*EXERCISE DIRECTIONS*
The answer must restate every entry below word for word.

*GIVEN DATA*
-------

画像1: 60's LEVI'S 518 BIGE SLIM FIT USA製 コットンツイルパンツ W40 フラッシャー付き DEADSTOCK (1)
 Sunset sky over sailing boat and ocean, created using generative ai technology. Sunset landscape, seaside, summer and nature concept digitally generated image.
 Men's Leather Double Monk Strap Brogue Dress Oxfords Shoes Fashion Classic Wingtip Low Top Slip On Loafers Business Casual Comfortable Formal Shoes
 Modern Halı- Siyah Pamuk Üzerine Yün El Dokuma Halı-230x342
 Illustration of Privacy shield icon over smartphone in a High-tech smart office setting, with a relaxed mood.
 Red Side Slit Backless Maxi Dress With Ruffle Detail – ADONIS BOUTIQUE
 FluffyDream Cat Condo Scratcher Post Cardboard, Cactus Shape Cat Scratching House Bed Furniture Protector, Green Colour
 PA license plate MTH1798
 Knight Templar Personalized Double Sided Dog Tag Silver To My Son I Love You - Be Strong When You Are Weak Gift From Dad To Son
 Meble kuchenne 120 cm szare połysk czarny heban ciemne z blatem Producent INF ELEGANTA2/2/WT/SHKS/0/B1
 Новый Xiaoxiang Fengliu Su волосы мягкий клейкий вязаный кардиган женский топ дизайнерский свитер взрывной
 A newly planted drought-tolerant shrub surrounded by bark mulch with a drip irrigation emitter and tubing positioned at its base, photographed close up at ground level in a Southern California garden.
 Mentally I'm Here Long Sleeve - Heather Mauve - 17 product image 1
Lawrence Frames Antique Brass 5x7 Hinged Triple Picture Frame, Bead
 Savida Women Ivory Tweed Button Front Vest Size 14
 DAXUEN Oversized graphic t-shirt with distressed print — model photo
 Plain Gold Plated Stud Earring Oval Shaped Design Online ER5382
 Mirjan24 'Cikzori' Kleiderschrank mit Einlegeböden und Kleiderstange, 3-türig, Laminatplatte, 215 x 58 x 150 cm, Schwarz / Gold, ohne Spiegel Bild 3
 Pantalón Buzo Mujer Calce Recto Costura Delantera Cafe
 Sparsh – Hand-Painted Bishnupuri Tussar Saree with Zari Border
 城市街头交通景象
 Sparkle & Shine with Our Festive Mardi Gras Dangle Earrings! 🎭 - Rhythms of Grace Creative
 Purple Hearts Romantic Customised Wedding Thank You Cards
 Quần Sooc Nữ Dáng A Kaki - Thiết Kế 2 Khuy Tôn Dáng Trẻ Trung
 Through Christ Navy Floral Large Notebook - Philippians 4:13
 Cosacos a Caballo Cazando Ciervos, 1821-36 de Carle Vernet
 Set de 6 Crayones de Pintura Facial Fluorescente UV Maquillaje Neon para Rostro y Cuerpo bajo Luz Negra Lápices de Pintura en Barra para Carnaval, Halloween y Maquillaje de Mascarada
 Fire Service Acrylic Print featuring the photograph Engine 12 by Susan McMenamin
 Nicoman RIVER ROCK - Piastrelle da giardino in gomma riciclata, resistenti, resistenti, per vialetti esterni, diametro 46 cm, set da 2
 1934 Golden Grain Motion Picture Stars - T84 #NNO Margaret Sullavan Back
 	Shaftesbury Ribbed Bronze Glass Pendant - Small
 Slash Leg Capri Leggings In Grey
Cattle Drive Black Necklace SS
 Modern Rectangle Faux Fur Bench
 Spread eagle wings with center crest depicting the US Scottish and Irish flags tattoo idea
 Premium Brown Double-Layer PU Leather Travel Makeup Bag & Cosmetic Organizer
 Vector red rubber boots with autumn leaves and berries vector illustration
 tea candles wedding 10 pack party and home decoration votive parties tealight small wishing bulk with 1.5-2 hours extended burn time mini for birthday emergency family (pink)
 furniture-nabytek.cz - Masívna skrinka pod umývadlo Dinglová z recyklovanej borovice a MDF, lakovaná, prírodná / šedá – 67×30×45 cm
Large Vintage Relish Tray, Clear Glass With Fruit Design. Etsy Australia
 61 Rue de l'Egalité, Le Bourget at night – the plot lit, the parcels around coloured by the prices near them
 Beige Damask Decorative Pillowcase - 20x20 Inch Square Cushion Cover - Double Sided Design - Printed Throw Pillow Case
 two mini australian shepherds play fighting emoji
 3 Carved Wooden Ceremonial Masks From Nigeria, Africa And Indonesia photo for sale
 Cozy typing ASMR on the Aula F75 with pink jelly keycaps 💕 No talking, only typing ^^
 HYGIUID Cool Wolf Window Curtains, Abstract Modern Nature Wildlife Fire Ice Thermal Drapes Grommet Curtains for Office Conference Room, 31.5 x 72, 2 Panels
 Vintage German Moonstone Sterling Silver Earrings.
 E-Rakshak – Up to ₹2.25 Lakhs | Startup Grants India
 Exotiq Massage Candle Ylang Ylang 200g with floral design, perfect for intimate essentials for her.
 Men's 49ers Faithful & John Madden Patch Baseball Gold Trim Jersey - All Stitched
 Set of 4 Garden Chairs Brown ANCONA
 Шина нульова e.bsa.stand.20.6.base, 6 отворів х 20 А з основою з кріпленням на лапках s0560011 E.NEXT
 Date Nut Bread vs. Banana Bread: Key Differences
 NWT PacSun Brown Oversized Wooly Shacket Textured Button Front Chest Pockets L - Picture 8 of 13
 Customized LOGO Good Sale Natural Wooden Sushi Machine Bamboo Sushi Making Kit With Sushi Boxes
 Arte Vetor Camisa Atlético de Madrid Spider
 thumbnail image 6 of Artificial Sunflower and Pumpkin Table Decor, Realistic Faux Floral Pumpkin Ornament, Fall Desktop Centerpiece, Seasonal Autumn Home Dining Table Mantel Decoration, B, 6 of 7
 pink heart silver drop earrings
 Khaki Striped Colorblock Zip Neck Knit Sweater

-------

*RESULT FOR THIS TASK*
画像1: 60's LEVI'S 518 BIGE SLIM FIT USA製 コットンツイルパンツ W40 フラッシャー付き DEADSTOCK (1)
 Sunset sky over sailing boat and ocean, created using generative ai technology. Sunset landscape, seaside, summer and nature concept digitally generated image.
 Men's Leather Double Monk Strap Brogue Dress Oxfords Shoes Fashion Classic Wingtip Low Top Slip On Loafers Business Casual Comfortable Formal Shoes
 Modern Halı- Siyah Pamuk Üzerine Yün El Dokuma Halı-230x342
 Illustration of Privacy shield icon over smartphone in a High-tech smart office setting, with a relaxed mood.
 Red Side Slit Backless Maxi Dress With Ruffle Detail – ADONIS BOUTIQUE
 FluffyDream Cat Condo Scratcher Post Cardboard, Cactus Shape Cat Scratching House Bed Furniture Protector, Green Colour
 PA license plate MTH1798
 Knight Templar Personalized Double Sided Dog Tag Silver To My Son I Love You - Be Strong When You Are Weak Gift From Dad To Son
 Meble kuchenne 120 cm szare połysk czarny heban ciemne z blatem Producent INF ELEGANTA2/2/WT/SHKS/0/B1
 Новый Xiaoxiang Fengliu Su волосы мягкий клейкий вязаный кардиган женский топ дизайнерский свитер взрывной
 A newly planted drought-tolerant shrub surrounded by bark mulch with a drip irrigation emitter and tubing positioned at its base, photographed close up at ground level in a Southern California garden.
 Mentally I'm Here Long Sleeve - Heather Mauve - 17 product image 1
Lawrence Frames Antique Brass 5x7 Hinged Triple Picture Frame, Bead
 Savida Women Ivory Tweed Button Front Vest Size 14
 DAXUEN Oversized graphic t-shirt with distressed print — model photo
 Plain Gold Plated Stud Earring Oval Shaped Design Online ER5382
 Mirjan24 'Cikzori' Kleiderschrank mit Einlegeböden und Kleiderstange, 3-türig, Laminatplatte, 215 x 58 x 150 cm, Schwarz / Gold, ohne Spiegel Bild 3
 Pantalón Buzo Mujer Calce Recto Costura Delantera Cafe
 Sparsh – Hand-Painted Bishnupuri Tussar Saree with Zari Border
 城市街头交通景象
 Sparkle & Shine with Our Festive Mardi Gras Dangle Earrings! 🎭 - Rhythms of Grace Creative
 Purple Hearts Romantic Customised Wedding Thank You Cards
 Quần Sooc Nữ Dáng A Kaki - Thiết Kế 2 Khuy Tôn Dáng Trẻ Trung
 Through Christ Navy Floral Large Notebook - Philippians 4:13
 Cosacos a Caballo Cazando Ciervos, 1821-36 de Carle Vernet
 Set de 6 Crayones de Pintura Facial Fluorescente UV Maquillaje Neon para Rostro y Cuerpo bajo Luz Negra Lápices de Pintura en Barra para Carnaval, Halloween y Maquillaje de Mascarada
 Fire Service Acrylic Print featuring the photograph Engine 12 by Susan McMenamin
 Nicoman RIVER ROCK - Piastrelle da giardino in gomma riciclata, resistenti, resistenti, per vialetti esterni, diametro 46 cm, set da 2
 1934 Golden Grain Motion Picture Stars - T84 #NNO Margaret Sullavan Back
 	Shaftesbury Ribbed Bronze Glass Pendant - Small
 Slash Leg Capri Leggings In Grey
Cattle Drive Black Necklace SS
 Modern Rectangle Faux Fur Bench
 Spread eagle wings with center crest depicting the US Scottish and Irish flags tattoo idea
 Premium Brown Double-Layer PU Leather Travel Makeup Bag & Cosmetic Organizer
 Vector red rubber boots with autumn leaves and berries vector illustration
 tea candles wedding 10 pack party and home decoration votive parties tealight small wishing bulk with 1.5-2 hours extended burn time mini for birthday emergency family (pink)
 furniture-nabytek.cz - Masívna skrinka pod umývadlo Dinglová z recyklovanej borovice a MDF, lakovaná, prírodná / šedá – 67×30×45 cm
Large Vintage Relish Tray, Clear Glass With Fruit Design. Etsy Australia
 61 Rue de l'Egalité, Le Bourget at night – the plot lit, the parcels around coloured by the prices near them
 Beige Damask Decorative Pillowcase - 20x20 Inch Square Cushion Cover - Double Sided Design - Printed Throw Pillow Case
 two mini australian shepherds play fighting emoji
 3 Carved Wooden Ceremonial Masks From Nigeria, Africa And Indonesia photo for sale
 Cozy typing ASMR on the Aula F75 with pink jelly keycaps 💕 No talking, only typing ^^
 HYGIUID Cool Wolf Window Curtains, Abstract Modern Nature Wildlife Fire Ice Thermal Drapes Grommet Curtains for Office Conference Room, 31.5 x 72, 2 Panels
 Vintage German Moonstone Sterling Silver Earrings.
 E-Rakshak – Up to ₹2.25 Lakhs | Startup Grants India
 Exotiq Massage Candle Ylang Ylang 200g with floral design, perfect for intimate essentials for her.
 Men's 49ers Faithful & John Madden Patch Baseball Gold Trim Jersey - All Stitched
 Set of 4 Garden Chairs Brown ANCONA
 Шина нульова e.bsa.stand.20.6.base, 6 отворів х 20 А з основою з кріпленням на лапках s0560011 E.NEXT
 Date Nut Bread vs. Banana Bread: Key Differences
 NWT PacSun Brown Oversized Wooly Shacket Textured Button Front Chest Pockets L - Picture 8 of 13
 Customized LOGO Good Sale Natural Wooden Sushi Machine Bamboo Sushi Making Kit With Sushi Boxes
 Arte Vetor Camisa Atlético de Madrid Spider
 thumbnail image 6 of Artificial Sunflower and Pumpkin Table Decor, Realistic Faux Floral Pumpkin Ornament, Fall Desktop Centerpiece, Seasonal Autumn Home Dining Table Mantel Decoration, B, 6 of 7
 pink heart silver drop earrings
 Khaki Striped Colorblock Zip Neck Knit Sweater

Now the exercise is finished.